# Question concerning some of my azureus offspring



## Cutterfly (Apr 9, 2009)

Hi,
Unfortunately during the hot summer my springtail culture has broken down. Therefore I couldn't feed my latest azureus froglets springtails. I fed them drosophila, pea aphids and meadow plankton. All froglets which I fed this way are much thinner than those I fed springtails before. Is there a chance that they get fatter during the next months or will they stay such thin because they missed some neccassary growth spurt? By the way: All of them eat the things I feed them, so they don't suffer from intestinal obstruction.

(I don't have any pics yet, but it's easy to imagine... they look like adult tinctorius would look like if they are underfed ... a typical "V"-shape)

Thx for any reply

p.s.: In this context I'm interested in pictures of azureus or other tinctorius froglets in nature. Some people who have been in Suriname told me that the tinctorius found there have been way thinner than those in our vivs. But I never saw any picture of froglets, just adult ones.

Greets,
CF


----------



## Philsuma (Jul 18, 2006)

I feed all my Tincs and related size froglets small _D. Melanogaster_ exclusively after only 2 days or so of morphing out. Tinc froglets will take springtails but why not start them out with something bigger that you can dust right away?

What superfine dusting vitamins and supplements are you using?

I dust all my FF with some form of vitamin or calcium with every single feeding....especially all froglets.


----------



## Cutterfly (Apr 9, 2009)

Philsuma said:


> I feed all my Tincs and related size froglets small _D. Melanogaster_ exclusively after only 2 days or so of morphing out.


Yep, that's what I actually did. But they are very thin, while those I additionally fed springtails are well-proportioned.
I'm wondering a bit now... If you do feed them just melanogaster and your's get fine mine are such thin for some other reason. 



Philsuma said:


> What superfine dusting vitamins and supplements are you using?


I use Herpetal Amphib (http://www.dendroboard.com/forum/food-feeding/35840-herpetal.html) to dust my melanogaster 2-3 days the week, superfine powdered gammarus, spirulina and krill every other day.
I basically feed melanogaster, sporadically pea aphids and meadow plankton.

Apart from that do you think they still have a chance to get fatter?
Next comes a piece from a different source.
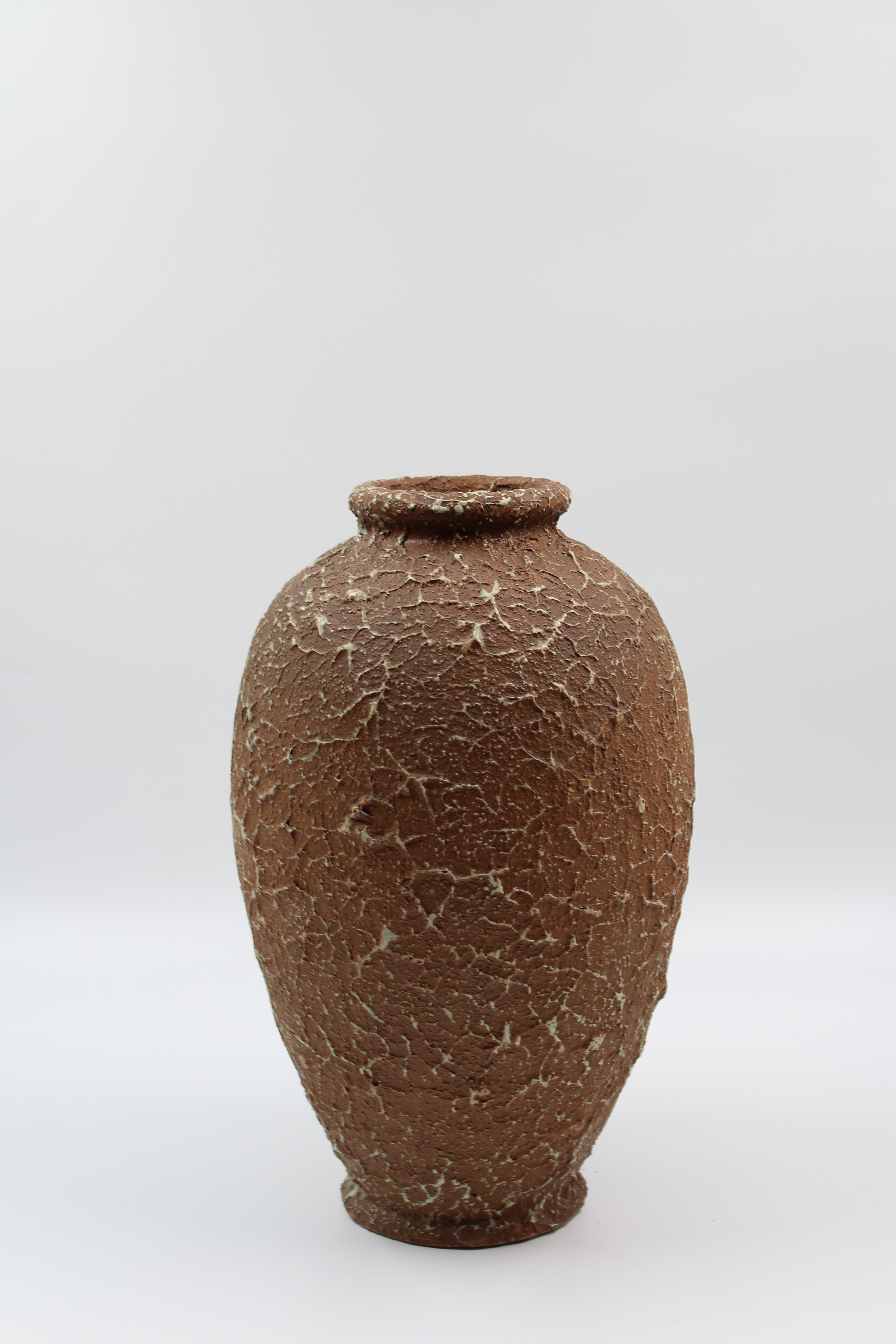 A ceramic vase, made with the chamotte technique, by the Swedish company Andersson & Johansson at Höganäs Keramik. The stamp dates the vase to between 1920 and 1958. Beautiful and very decorative object in very good vintage condition.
They are about 3 weeks old now.

Edit: After all I took some pictures. May be I just *think* they are to thin...but all other ones I raised before are much fatter.


























Greets,
CF


----------



## stingfrog (Apr 1, 2007)

Looks fine to me. Just keep feeding it dusted melanos and it will fatten up. Mine all start out on the skinny side. I only put springtails in with them when I first put them into deli cups after morphing then its melanos all the way until they can accept crickets and heidiis. Then they look like the swallowed marbles.


----------



## Philsuma (Jul 18, 2006)

If you want to fatten them.....try FF Larvae.

They do look a little thin from the pic....

I would think about switching up to a brand new vitamin / supplement or even a totally new brand. That would be one way to quickly verify that variable.

European meadow plankton is VERY labour intensive to harvest and has some inherent risks (pesticides or insects that MAY not be palitable or otherwise healthy for a south american frog). What is your reasoning for this food type?


----------



## Cutterfly (Apr 9, 2009)

Philsuma said:


> If you want to fatten them.....try FF Larvae.
> 
> They do look a little thin from the pic....
> 
> I would think about switching up to a brand new vitamin / supplement or even a totally new brand. That would be one way to quickly verify that variable.


I'll try both things, but I don't know how to feed FF Larvae (FF means fruitfly, right?) How could I pull the maggots out of the media? Or should I put the whole media into the viv as some Canadians do?


Philsuma said:


> European meadow plankton is VERY labour intensive to harvest


Well, at least not for me. I need about 1/2 hour to harvest enough for about 150 froglets and adults.


Philsuma said:


> and has some inherent risks (pesticides or insects that MAY not be palitable or otherwise healthy for a south american frog). What is your reasoning for this food type?


The place I harvest the meadow plankton isn't known for the use of any pesticides, (neither the surrounding area is) and me and my brother go there since almost 10 years now. It's a rural environment but there are no acres with economic plants. So I think (hope) it's save. When I go there in the evening there are just small food items like drosophila, sciaridae, and such things.
I use this food type because I think it has a better ratio of unsaturised fatty acids to saturised fatty acids than cultured fruitflys.
You can see what I mean here:
Salze+korr.jpg (image)
That's an analysis of Dr. Bretz (german herpetologist) and it compares meadow plankton ("Wiesenplankton") with Drosophila hydei and feeder eggs of O. lehmanni.
[Edit: wrong analysis... this one just shows minerals and micronutrients... can't find the one with the unsaturised fatty acids, sorry. Nonetheless interesting.]
Me and my brother feed especially our adult breeding pairs large amounts of meadow plankton during summer and the quality of the egg clutches increases during this time.
We don't only harvest small food items, we feed our adult ameerega, epipedobates and phyllobates (especially aurotaenia) larger food items from another location.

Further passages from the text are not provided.